A beautiful, ordinary meal flipped on its head and only two of them saw beyond the table they were at.
Jesus knew he was heading to his death.
Judas knew the hour had come for him to betray the One he had eaten so many meals with.
Typically, on this night, I would be gathering with my Gospel Community (church small group) and we would be partaking in a Christian Passover Seder meal. This meal is essentially a re-telling of God rescuing His people out of Egypt and a looking-forward to the full and final restoration that Christ will bring with His return. Throughout the meal we drink four (yes – four) cups of wine:
• The Cup of Sanctification/Freedom
• The Cup of Deliverance
• The Cup of Redemption
• The Cup of Thanksgiving and Hope
The final act of the meal finds the leader reciting: “Our Seder is now complete, just as our redemption is complete. We rejoice with thanksgiving, and yet are humbled by God’s love! Yet the story of God’s redemption is not ended. We celebrate what God has done in our history, and what he has done for us, but at the same time we still await a new future.”

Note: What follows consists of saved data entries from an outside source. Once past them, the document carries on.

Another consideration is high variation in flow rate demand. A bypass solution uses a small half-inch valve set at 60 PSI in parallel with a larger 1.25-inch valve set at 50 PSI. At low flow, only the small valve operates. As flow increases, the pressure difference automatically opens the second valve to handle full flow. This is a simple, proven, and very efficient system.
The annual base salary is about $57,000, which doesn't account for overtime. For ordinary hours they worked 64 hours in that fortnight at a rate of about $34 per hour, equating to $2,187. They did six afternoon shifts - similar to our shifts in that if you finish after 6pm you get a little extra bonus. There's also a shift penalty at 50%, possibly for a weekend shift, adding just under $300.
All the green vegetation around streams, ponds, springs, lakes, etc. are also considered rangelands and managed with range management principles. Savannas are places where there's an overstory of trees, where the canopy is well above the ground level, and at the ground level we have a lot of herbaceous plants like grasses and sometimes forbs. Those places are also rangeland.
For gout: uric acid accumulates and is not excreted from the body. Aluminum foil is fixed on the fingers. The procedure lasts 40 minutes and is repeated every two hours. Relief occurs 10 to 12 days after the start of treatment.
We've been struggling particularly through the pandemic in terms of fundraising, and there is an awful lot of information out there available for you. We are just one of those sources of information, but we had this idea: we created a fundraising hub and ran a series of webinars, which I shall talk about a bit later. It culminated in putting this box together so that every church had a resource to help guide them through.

More liturgy is recited and we, as a loud room full of ‘spirited’ people, conclude by raising our glasses high and toasting, “Next year in the New Jerusalem!”

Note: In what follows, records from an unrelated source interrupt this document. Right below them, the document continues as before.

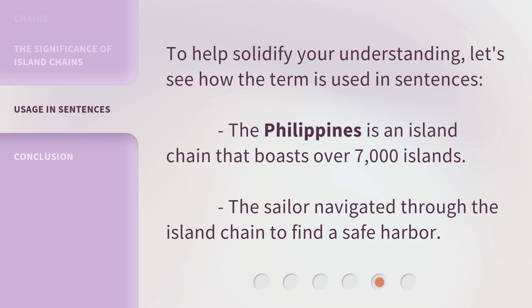To help solidify your understanding, let's see how the term is used in sentences. The Philippines is an island chain that boasts over 7,000 islands. The sailor navigated through the island chain to find a safe harbor.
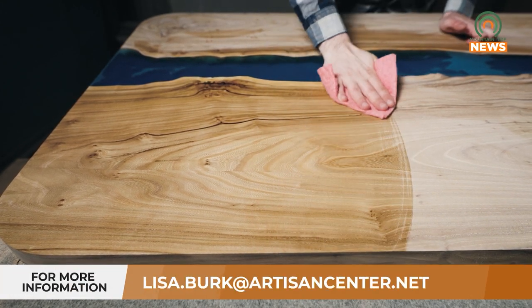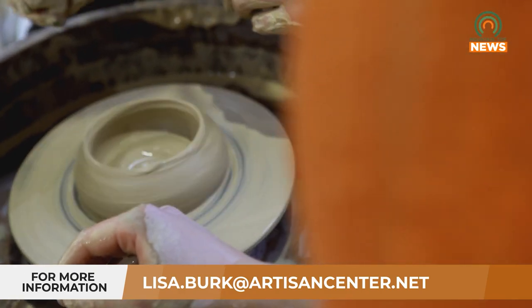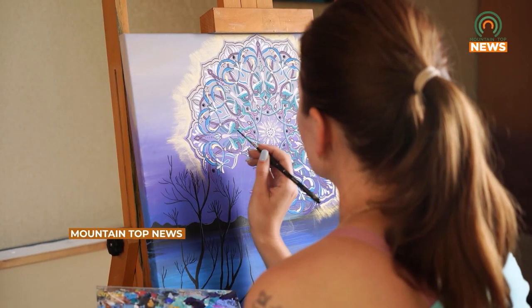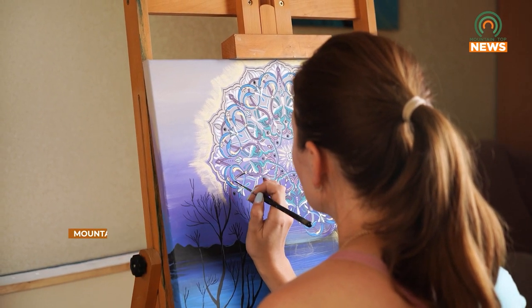Work must be dropped off at the Appalachian Artisan Center between now and February 23rd. For more information, you can contact Lisa Burke at lisa.burke@artisancenter.net. For Mountaintop News, I'm Kelsey Fidel.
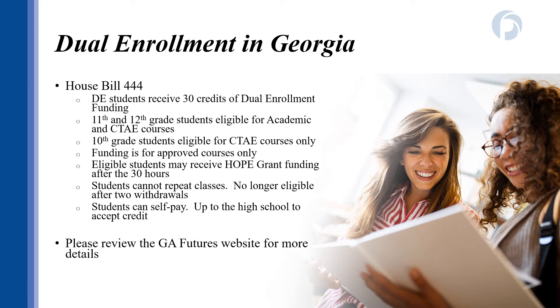All of these rule changes are for receiving dual enrollment funding. Students do have the option of paying for classes themselves. If you pay for a class yourself, it is up to the high school to determine if the class will count on your high school transcript. So before registering, please make sure you've communicated your class request with your high school counselor. I encourage you to review the Georgia Futures website to see more detailed information on dual enrollment funding eligibility, to view your Georgia Futures status, and search the approved course directory.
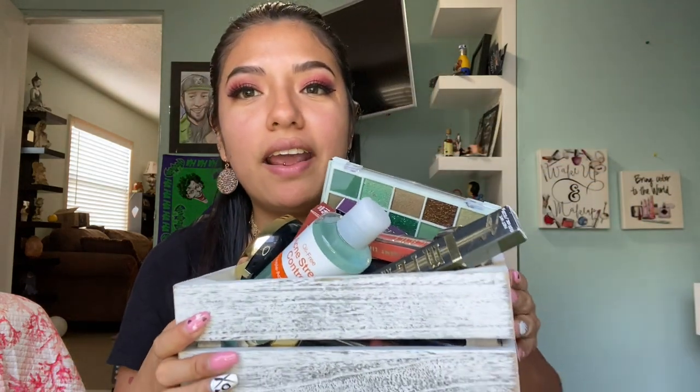Hello guys, welcome back to my channel! Today I have another drugstore video. I'm going to be showing you my new drugstore makeup and also skincare, because I know that I have never used any skincare from drugstores so I really want to get into it. I got a few things — this is everything that I have.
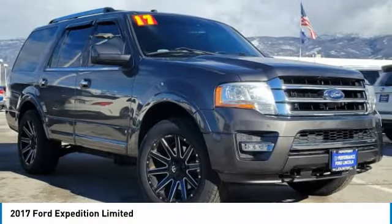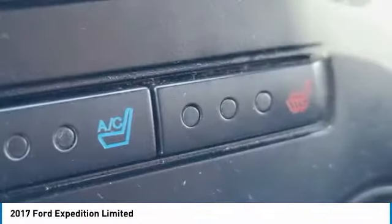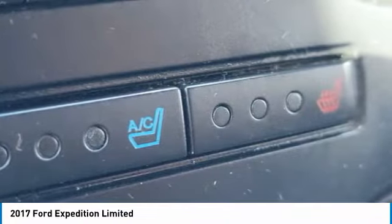Make a great choice today with the 2017 Expedition. Powerful, controlled, resourceful. Expedition.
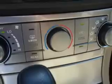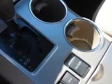Enjoy the drive, feel safe, and have peace of mind in this 2011 Toyota Highlander. See us at Parkway Toyota today.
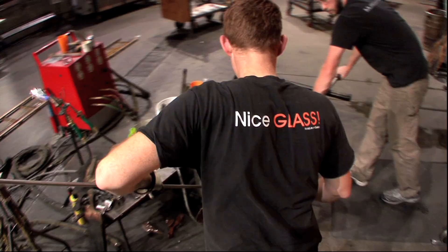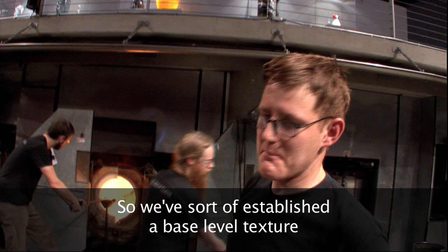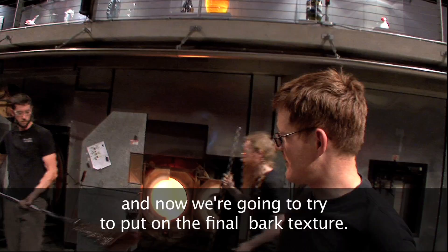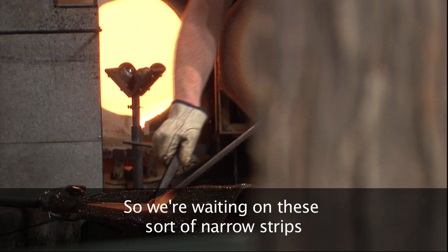Getting into the project and watching the technicians work the glass is just a real thrill. We're trying to make the surface of this basket look like cedar bark. We've established a base level texture and now we're going to try to put on the final bark texture, waiting on these narrow strips. As we build up the layers, it looks like cedar bark.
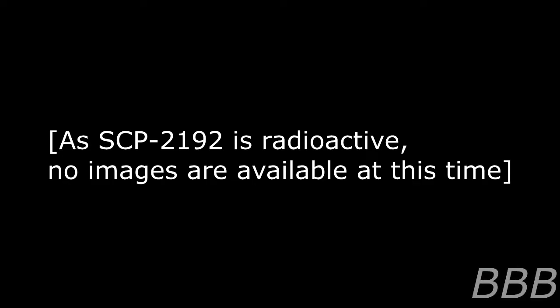If SCP-2192 does complain of discomfort or pain, common treatments for radiation burns as well as a mild sedative may be administered. The burns have not shown any sign of healing since SCP-2192's containment, and first aid seems to have no appreciable effects. Although SCP-2192 seems to enjoy the attention, SCP-2192 has not changed in height or weight since its containment and still retains the temperament of a child. It is assumed that SCP-2192's anomalous qualities may also have stunted its growth.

Oh how I long to be at that table tonight. Sitting with my friends, eating the same meal that Jesus and Judas and the rest of the crew ate.
Their meal ended, Judas left, and I picture Jesus taking a deep breath before they left the upper room. The once-and-for-all Passover Lamb was about to be slain, and a room full of disciples just dusted the crumbs from their robes.
I don’t know how to wrap this one up. It feels very disjointed. I don’t like to leave things scattered, yet here we are. But in a way, that feels appropriate, because in the course of the story, chaos is about to reign down on this cast of characters.
So rather than trying to tie a neat bow around a chaotic piece of history, I’ll look forward to a good meal prepared by my own hands tonight, a full glass of good wine, and a longing for next year in the New Jerusalem.